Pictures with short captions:
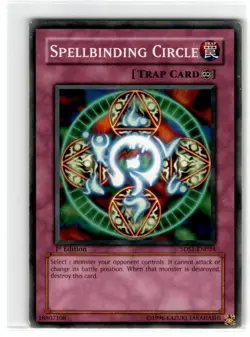 Yu-Gi-Oh! Spellbinding Circle Common SDS1-EN034 Heavily Played 1st Edition - Image 1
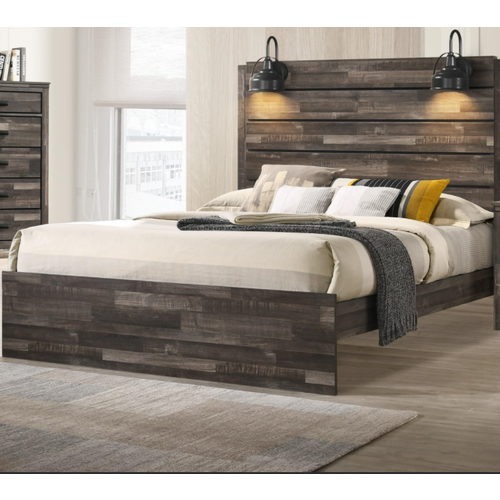 Crown Mark Carter King Bed w/Lamps Crown Mark Carter King Bed w/Lamps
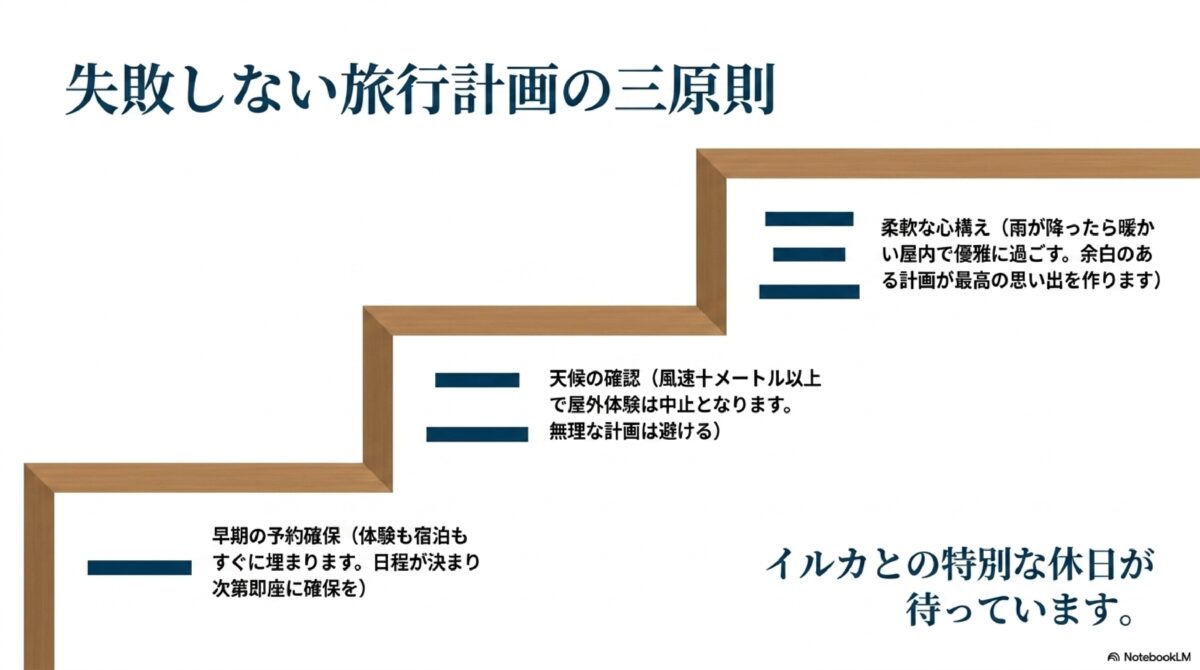 失敗しない旅行の三原則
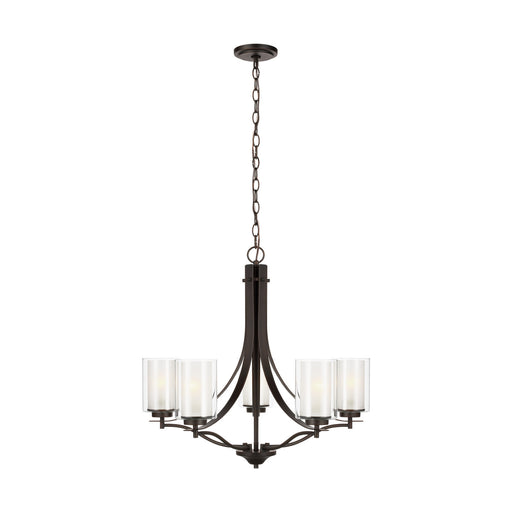 Myhouse Lighting Generation Lighting - 3137305-710 - Five Light Chandelier - Elmwood Park - Bronze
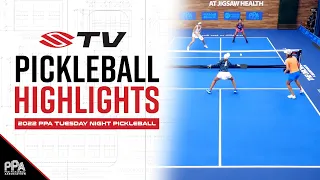 Catherine Parenteau Slam Pickleball Highlight - 2022 PPA Tuesday Night Pickleball Women's Doubles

TASK REQUIREMENTS:
Transcribe exactly the lines from the one containing "失敗しない旅行の三原則" through the last line of the records above, and nothing else. Leave out the pictures.

ANSWER BELOW:
 失敗しない旅行の三原則
 Myhouse Lighting Generation Lighting - 3137305-710 - Five Light Chandelier - Elmwood Park - Bronze
 Catherine Parenteau Slam Pickleball Highlight - 2022 PPA Tuesday Night Pickleball Women's Doubles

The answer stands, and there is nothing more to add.